Location
- Country: United States
- State: New York
- Region: Western New York

Physical characteristics
- • location: Tabor Corners, Livingston County
- • coordinates: 42°39′26″N 77°31′56″W﻿ / ﻿42.65722°N 77.53222°W
- Mouth: Chemung River
- • location: Painted Post, Steuben County
- • coordinates: 42°09′07″N 77°05′25″W﻿ / ﻿42.15194°N 77.09028°W
- Length: 58.5 mi (94.1 km)
- Basin size: 474.3 sq mi (1,228 km^{2})
- • location: Campbell
- • average: 467 cu ft/s (13.2 m^{3}/s)
- • minimum: 8 cu ft/s (0.23 m^{3}/s) (September 6, 1934)
- • maximum: 41,100 cu ft/s (1,160 m^{3}/s) (July 8, 1935)

= Cohocton River =

River in New York, United States

The Cohocton River, sometimes referred to as the Conhocton River, is a 58.5 mi tributary of the Chemung River in western New York in the United States. Via the Chemung River, it is part of the Susquehanna River watershed, flowing to the Chesapeake Bay. The name "Cohocton" is derived from an Iroquois term, Ga-ha-to, meaning "log floating in the water" or "trees in the water".

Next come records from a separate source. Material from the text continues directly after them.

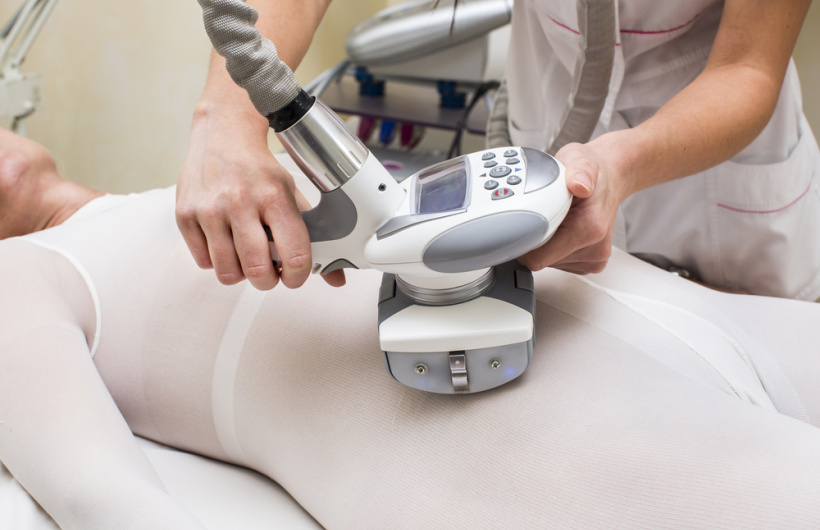 Desde $39.99: Tratamiento Reductor y Anticelulitis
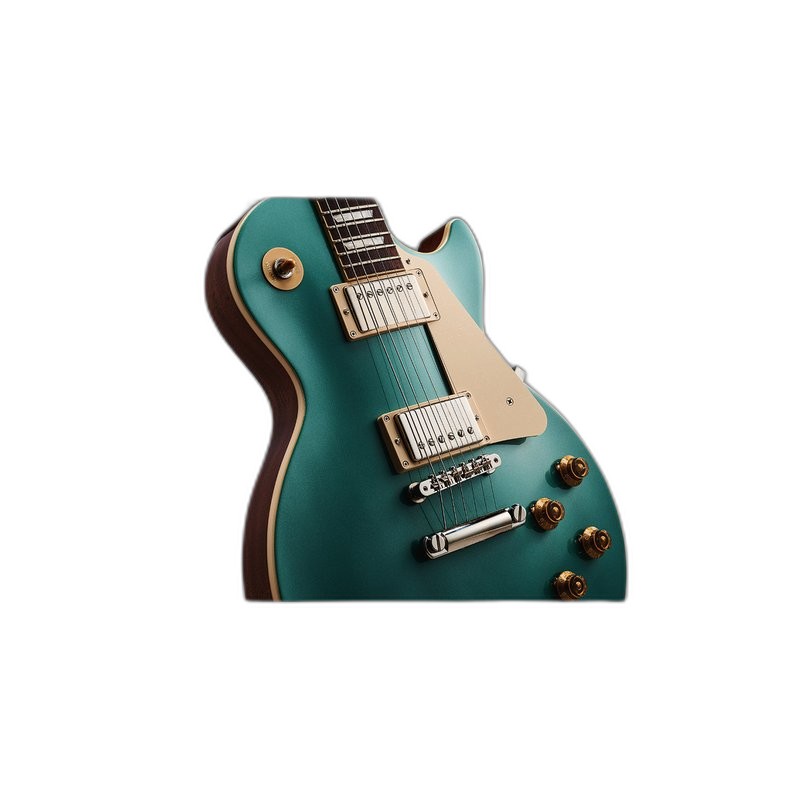 Epiphone Epiphone Les Paul Standard 50s Plain Top Inverness Green 電吉他 雙雙 無搖座 英倫綠 月桂木指板 — 三峽吉他 / Bass｜YA! 玩音樂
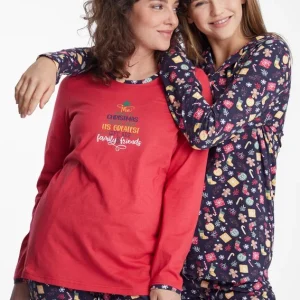 RINGELLA Women Pyjama, Lang 13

New York State Route 17 follows the valley of the river along much of its route through Steuben County. The river is a popular destination for fly fishing.

==History==
In the 1820s the New York State Legislature commissioned a study for the building of a canal that would link the Cohocton at Bath to Keuka Lake (Crooked Lake) and Seneca Lake. The Crooked Lake Canal connecting the two lakes was built, but the link to the Cohocton was never completed.

==Course and watershed==
The Cohocton River rises in southeastern Livingston County, approximately 15 mi northeast of Dansville in Tabor Corners. It flows generally southeast through rural Steuben County, in a winding course through a valley of the Allegheny Plateau, past Cohocton, Avoca and Bath. At Painted Post, just west of Corning, it is joined by the Tioga River from the southwest to form the Chemung, a tributary of the Susquehanna River.

The 474.3 sqmi watershed of the Cohocton River is largely undeveloped, with 61.9 percent being forested, 35.8 percent in agriculture, and only 1.5 percent urban.